**** Record excerpts
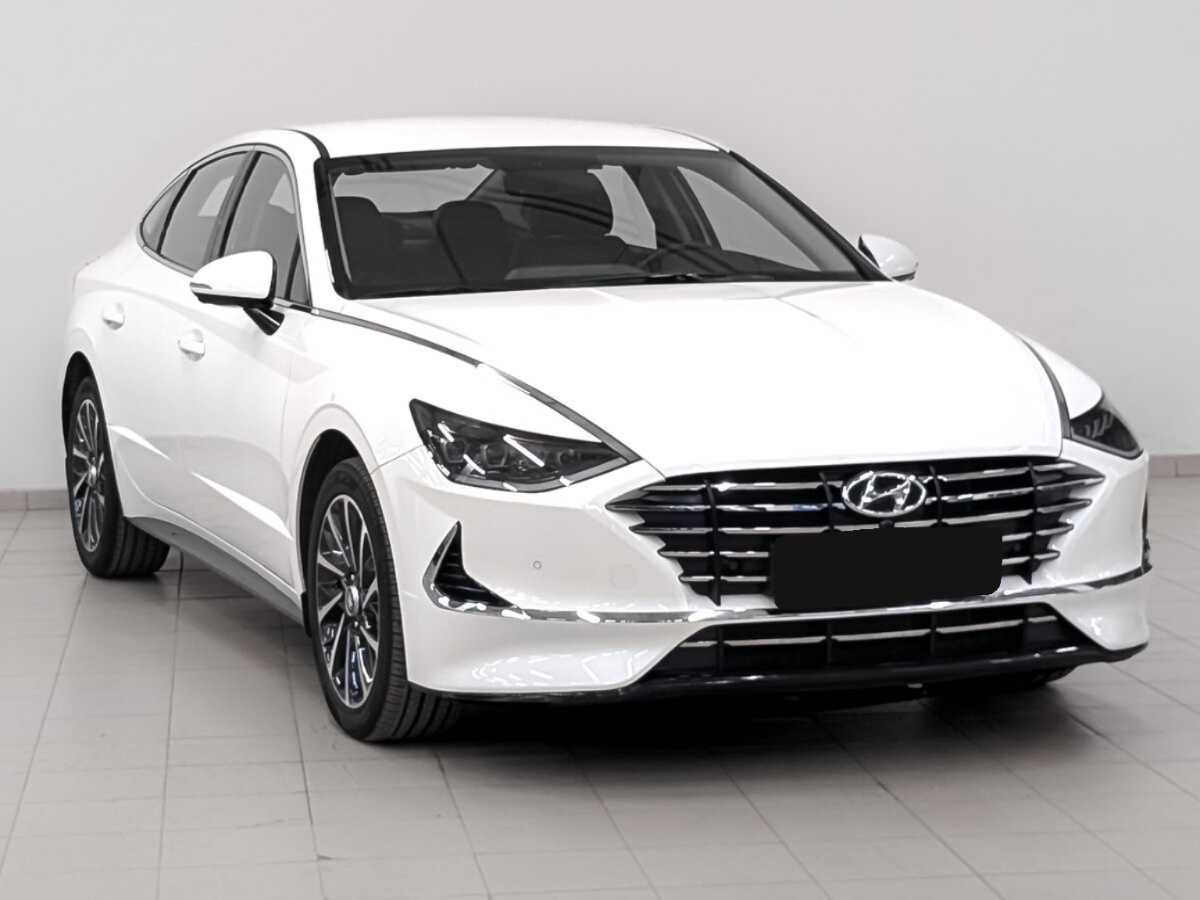 Hyundai Sonata с пробегом — 2022 год. Фото: #2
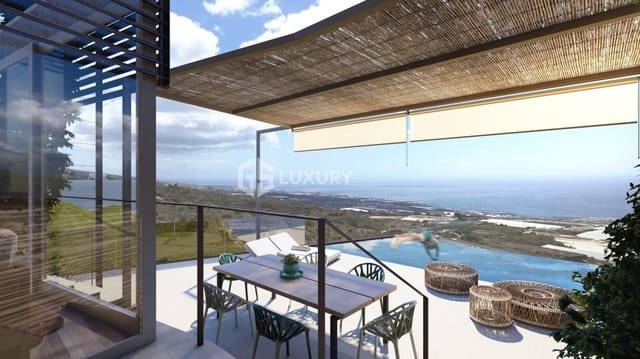 4 quarto Moradia para venda em Guía de Isora com garagem - 980 000 € (Ref: 9676070)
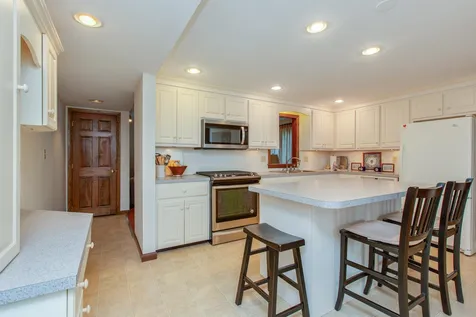 28 Bulova Drive Nashua NH 03060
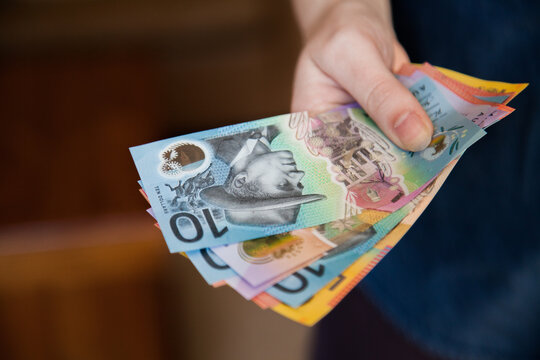 New Australian notes ten and five dollars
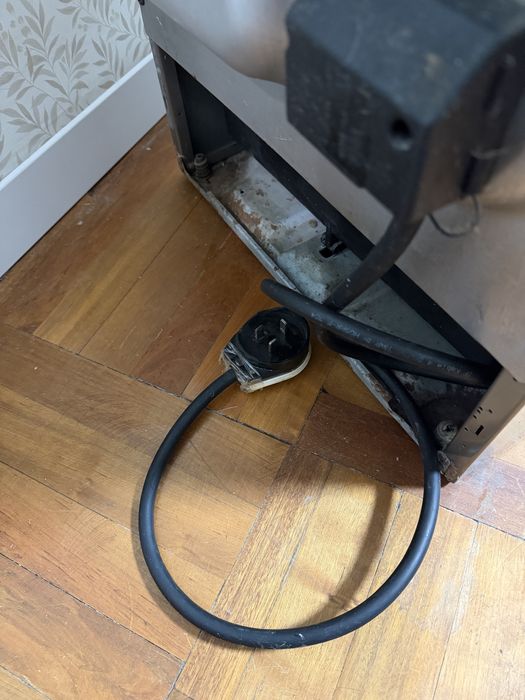 Електроплита з духовкою Ariston,повністю справна, 50х60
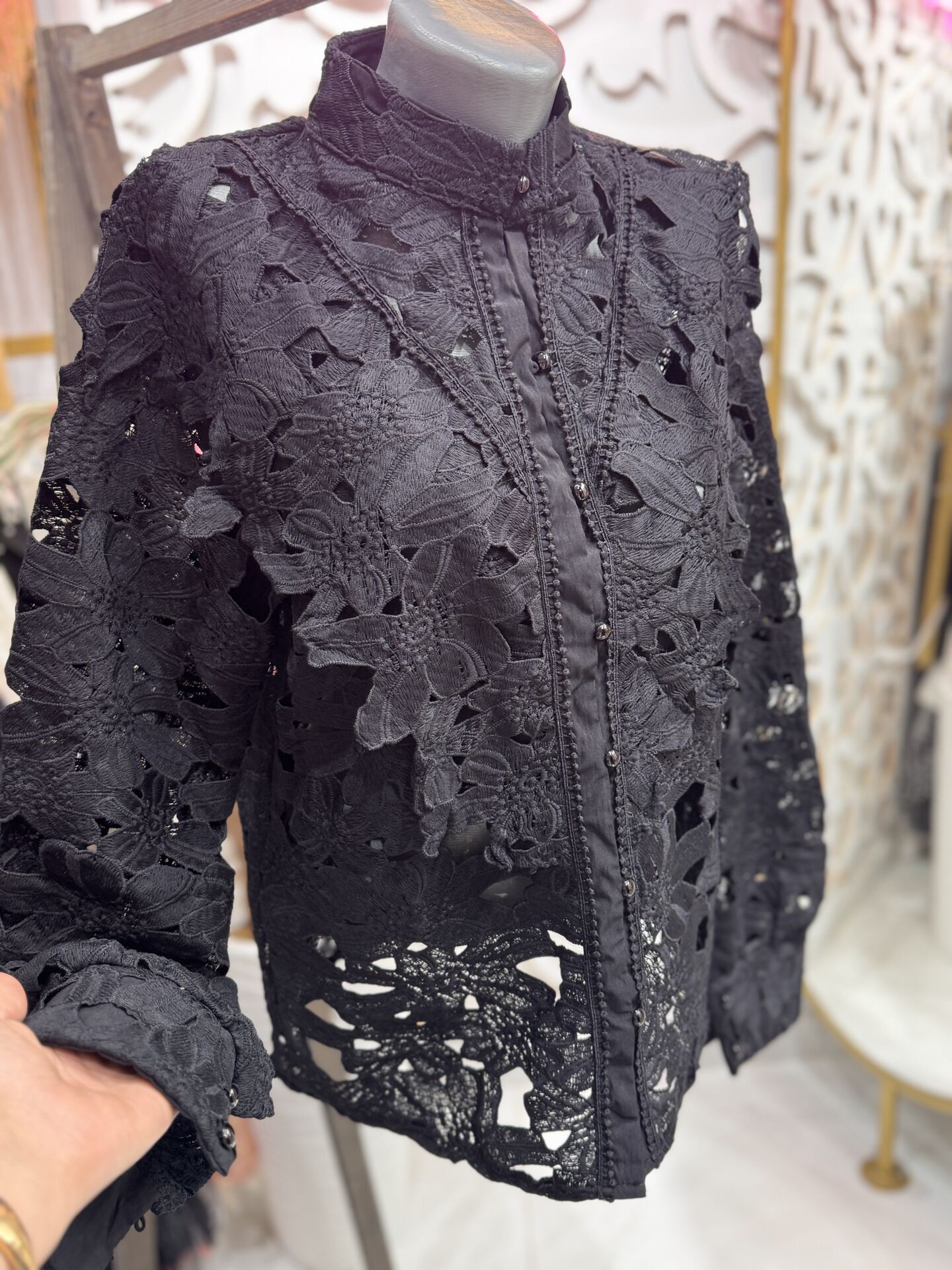 Şehrazat  Butik Güpürlü Düğmeli  Tasarım Gömlek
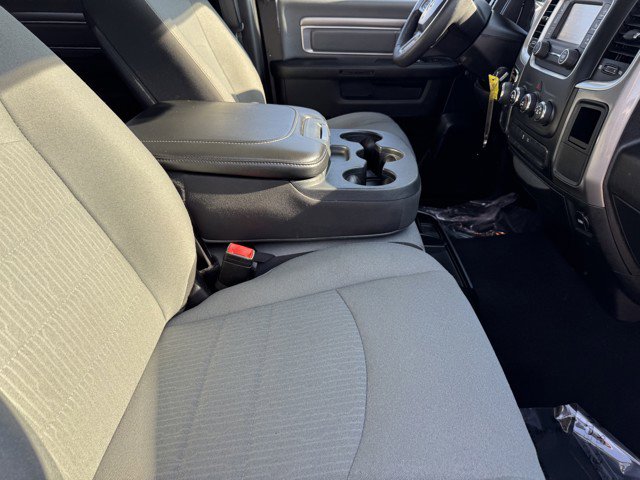 Used 2022 RAM 1500 Classic SLT image 8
********
• _Task description_: Only the lines starting at the one that includes "4 quarto Moradia" and ending at the one that includes "Butik Güpürlü Düğmeli" should be retyped, exactly, from the records above; no pictures.

• _Final answer_:
 4 quarto Moradia para venda em Guía de Isora com garagem - 980 000 € (Ref: 9676070)
 28 Bulova Drive Nashua NH 03060
 New Australian notes ten and five dollars
 Електроплита з духовкою Ariston,повністю справна, 50х60
 Şehrazat  Butik Güpürlü Düğmeli  Tasarım Gömlek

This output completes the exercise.